» **Information provided**
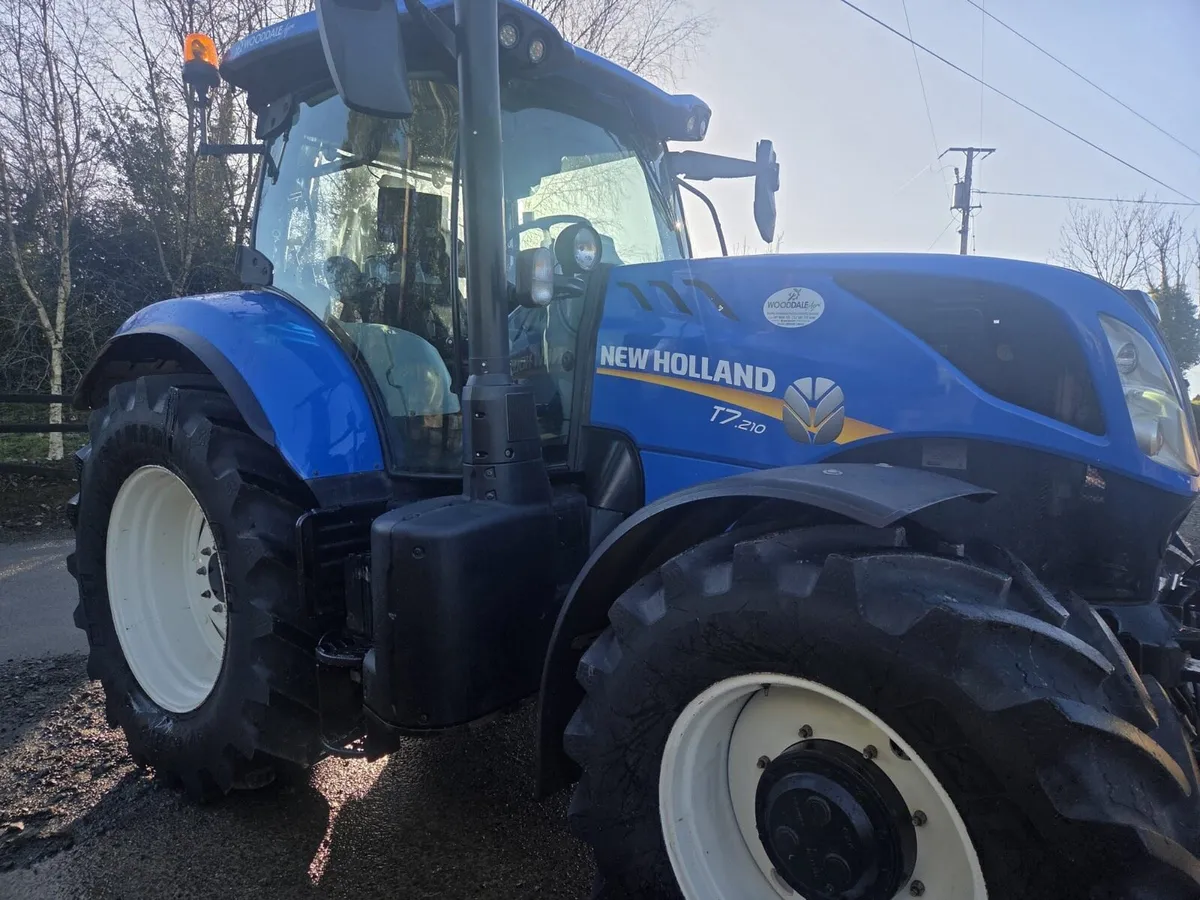 New Holland T7.210 Range Command - Image 3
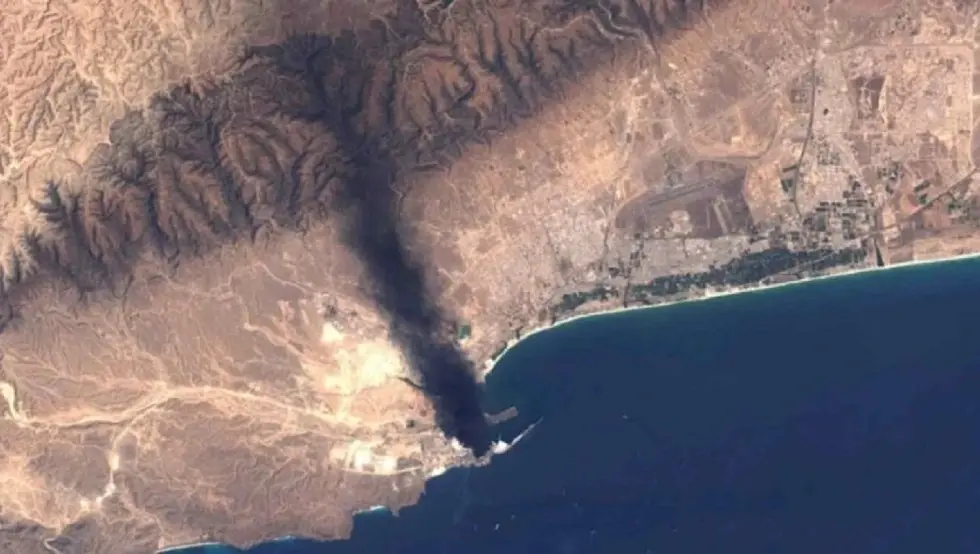 Иранци тврде: Погодили смо амерички брод у близини Омана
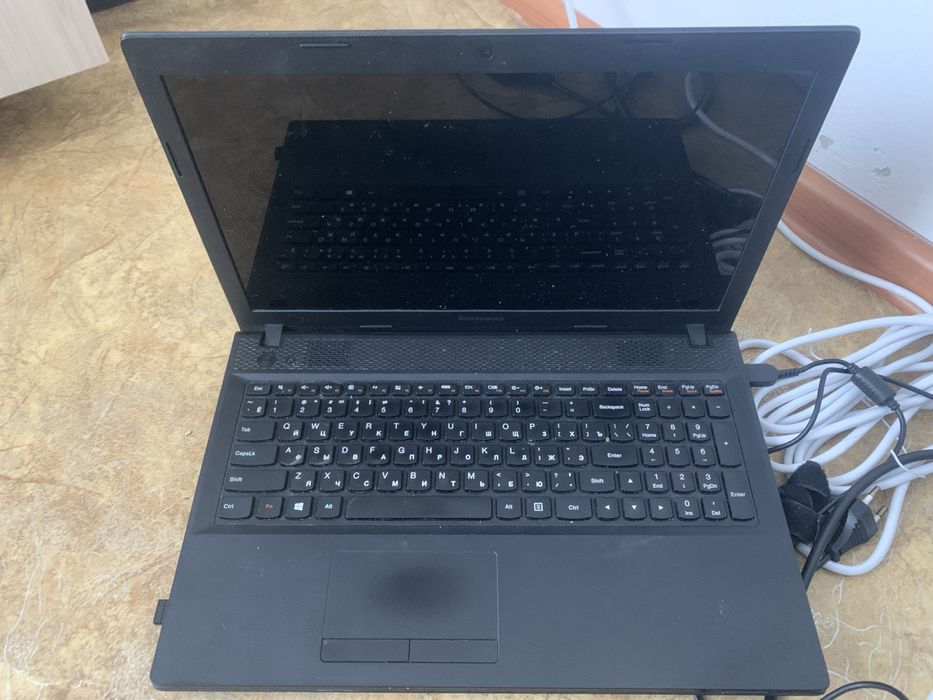 Продам ноутбук lenovo
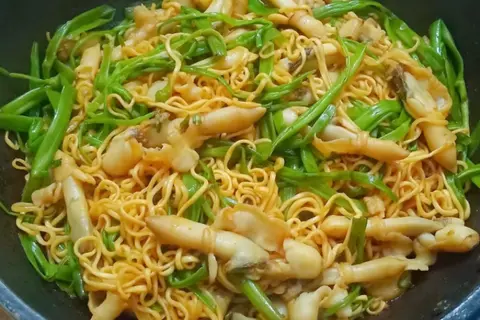 Hình ảnh ốc móng tay xào mì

» **Task item**
Write the listing out exactly, word for word, but omit the pictures.

» **Reply**
 New Holland T7.210 Range Command - Image 3
 Иранци тврде: Погодили смо амерички брод у близини Омана
 Продам ноутбук lenovo
 Hình ảnh ốc móng tay xào mì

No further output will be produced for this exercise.